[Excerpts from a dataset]
===============

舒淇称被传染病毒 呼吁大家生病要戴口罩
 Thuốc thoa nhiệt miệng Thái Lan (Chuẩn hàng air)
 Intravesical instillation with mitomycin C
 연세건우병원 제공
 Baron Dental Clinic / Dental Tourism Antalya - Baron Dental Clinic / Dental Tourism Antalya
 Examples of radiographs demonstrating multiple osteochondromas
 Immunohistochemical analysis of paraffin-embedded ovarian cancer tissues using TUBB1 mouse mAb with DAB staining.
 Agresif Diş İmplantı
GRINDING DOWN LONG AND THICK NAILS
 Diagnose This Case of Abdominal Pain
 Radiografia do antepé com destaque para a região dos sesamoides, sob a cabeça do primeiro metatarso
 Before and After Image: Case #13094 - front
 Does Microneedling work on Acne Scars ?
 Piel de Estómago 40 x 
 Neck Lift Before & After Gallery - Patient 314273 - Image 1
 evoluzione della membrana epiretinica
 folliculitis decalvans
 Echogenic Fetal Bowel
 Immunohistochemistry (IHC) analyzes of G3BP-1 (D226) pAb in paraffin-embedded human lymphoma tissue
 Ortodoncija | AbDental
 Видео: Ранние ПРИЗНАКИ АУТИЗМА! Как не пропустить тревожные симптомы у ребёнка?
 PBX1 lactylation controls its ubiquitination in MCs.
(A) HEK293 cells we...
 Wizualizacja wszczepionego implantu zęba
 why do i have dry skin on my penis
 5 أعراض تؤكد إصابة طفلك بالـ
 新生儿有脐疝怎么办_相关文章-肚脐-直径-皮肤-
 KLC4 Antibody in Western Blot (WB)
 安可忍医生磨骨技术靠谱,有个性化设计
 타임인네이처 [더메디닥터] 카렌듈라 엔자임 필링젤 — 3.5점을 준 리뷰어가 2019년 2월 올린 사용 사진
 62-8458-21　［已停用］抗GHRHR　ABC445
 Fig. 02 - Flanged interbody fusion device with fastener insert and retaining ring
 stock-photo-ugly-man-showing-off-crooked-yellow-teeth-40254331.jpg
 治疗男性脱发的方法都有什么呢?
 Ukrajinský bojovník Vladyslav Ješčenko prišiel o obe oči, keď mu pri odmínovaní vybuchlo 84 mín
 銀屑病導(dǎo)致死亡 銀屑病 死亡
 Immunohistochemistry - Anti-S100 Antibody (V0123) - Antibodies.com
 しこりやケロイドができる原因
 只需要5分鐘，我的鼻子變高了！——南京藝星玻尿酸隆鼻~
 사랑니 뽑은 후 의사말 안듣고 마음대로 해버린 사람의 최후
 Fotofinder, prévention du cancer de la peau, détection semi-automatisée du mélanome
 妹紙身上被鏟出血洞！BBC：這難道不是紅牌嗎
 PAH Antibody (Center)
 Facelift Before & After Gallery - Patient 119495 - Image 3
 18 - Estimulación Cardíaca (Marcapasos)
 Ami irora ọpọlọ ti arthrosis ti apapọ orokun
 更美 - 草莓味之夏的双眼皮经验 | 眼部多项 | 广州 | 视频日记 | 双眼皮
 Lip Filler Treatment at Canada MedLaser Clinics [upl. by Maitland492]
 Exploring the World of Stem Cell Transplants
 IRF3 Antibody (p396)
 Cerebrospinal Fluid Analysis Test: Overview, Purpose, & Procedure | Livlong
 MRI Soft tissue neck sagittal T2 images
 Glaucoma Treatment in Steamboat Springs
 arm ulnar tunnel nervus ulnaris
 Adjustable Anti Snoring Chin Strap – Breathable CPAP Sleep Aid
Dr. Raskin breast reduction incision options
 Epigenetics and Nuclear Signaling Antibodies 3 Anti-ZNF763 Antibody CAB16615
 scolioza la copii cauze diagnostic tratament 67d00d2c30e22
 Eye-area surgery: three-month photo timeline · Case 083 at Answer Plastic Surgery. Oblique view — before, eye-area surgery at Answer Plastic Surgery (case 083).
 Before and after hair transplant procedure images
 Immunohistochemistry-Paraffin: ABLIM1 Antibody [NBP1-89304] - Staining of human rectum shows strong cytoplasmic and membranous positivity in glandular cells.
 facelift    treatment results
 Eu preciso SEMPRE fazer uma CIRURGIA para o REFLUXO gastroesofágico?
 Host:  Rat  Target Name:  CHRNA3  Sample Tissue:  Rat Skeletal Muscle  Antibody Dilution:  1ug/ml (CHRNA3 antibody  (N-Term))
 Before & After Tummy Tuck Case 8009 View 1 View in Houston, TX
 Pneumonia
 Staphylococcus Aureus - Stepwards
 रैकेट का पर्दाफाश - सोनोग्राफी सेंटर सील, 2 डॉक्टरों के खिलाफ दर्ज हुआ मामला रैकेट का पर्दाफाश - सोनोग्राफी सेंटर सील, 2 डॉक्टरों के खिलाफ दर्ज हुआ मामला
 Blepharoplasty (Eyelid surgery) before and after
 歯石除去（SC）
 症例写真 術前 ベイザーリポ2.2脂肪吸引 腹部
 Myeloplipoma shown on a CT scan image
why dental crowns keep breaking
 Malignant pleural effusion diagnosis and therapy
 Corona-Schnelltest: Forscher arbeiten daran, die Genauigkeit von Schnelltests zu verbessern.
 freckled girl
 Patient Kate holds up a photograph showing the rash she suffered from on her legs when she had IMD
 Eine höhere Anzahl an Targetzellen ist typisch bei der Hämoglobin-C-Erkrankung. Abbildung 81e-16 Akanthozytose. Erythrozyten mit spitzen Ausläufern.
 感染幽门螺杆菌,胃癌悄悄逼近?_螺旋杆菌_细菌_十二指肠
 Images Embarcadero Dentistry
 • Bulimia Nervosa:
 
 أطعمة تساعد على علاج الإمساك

===============

-- Requirement --
Transcribe the entries above word for word, from the first line through the line containing "GRINDING DOWN LONG AND THICK NAILS", and nothing else.

-- Answer for the task --
舒淇称被传染病毒 呼吁大家生病要戴口罩
 Thuốc thoa nhiệt miệng Thái Lan (Chuẩn hàng air)
 Intravesical instillation with mitomycin C
 연세건우병원 제공
 Baron Dental Clinic / Dental Tourism Antalya - Baron Dental Clinic / Dental Tourism Antalya
 Examples of radiographs demonstrating multiple osteochondromas
 Immunohistochemical analysis of paraffin-embedded ovarian cancer tissues using TUBB1 mouse mAb with DAB staining.
 Agresif Diş İmplantı
GRINDING DOWN LONG AND THICK NAILS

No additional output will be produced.